It is interesting to see how hedge funds, private equity players and strategic shareholders are driving the consolidation in the steel industry. This has also got to do with the ownership structure in the industry, which favours consolidation.
Traditionally, steel was a national industry. So, British Steel or US steel were government-owned, either fully or partially. As developed countries achieved a level of comfort in steel, they began selling equity in these steel units. Communist countries, which lacked the capital market, started doing auctions.
In developed countries, what emerged was a disbursed body of shareholders. The companies did not have any large strategic shareholders, and were board-managed; they never took bold steps, which a strategic investor would take.
"The shareholding in such companies is disbursed, who are looking either to be a buyer or a seller of companies," said Kaushik Chatterjee, Tata Steel's CFO, after Tata Steel bagged Corus.
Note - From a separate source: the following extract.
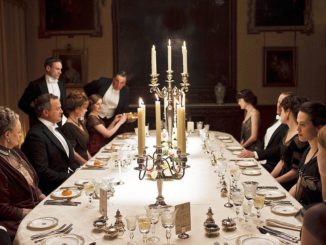 How to Have a Fine Dining Experience When You Have Guests Over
As a result of the equity sale, the nature of shareholding has also changed. Earlier, the steel companies (in developed countries) were owned by asset management companies (AMCs). Today, you hedge funds dominate, often forcing these companies to either sell out or buy so that they can make money.
The presence of such investors may not be good from a stability point of view, but they are there across companies, in US Steel or Corus, where there are large financial shareholders like Standard Life, Goldman Sachs or UBS.
But if consolidation has to happen, "It has to be driven by strategic investors who have the long-term view, who are willing to stay on and drive efficiencies of the operations, and who can take these calls," said Chatterjee.
Hedge funds, feels Chatterjee, are too focused on the capital market (short or medium term gains) to take these calls. The nature of ownership and the need for hedge funds to exit could see the emergence of a few strategic investors.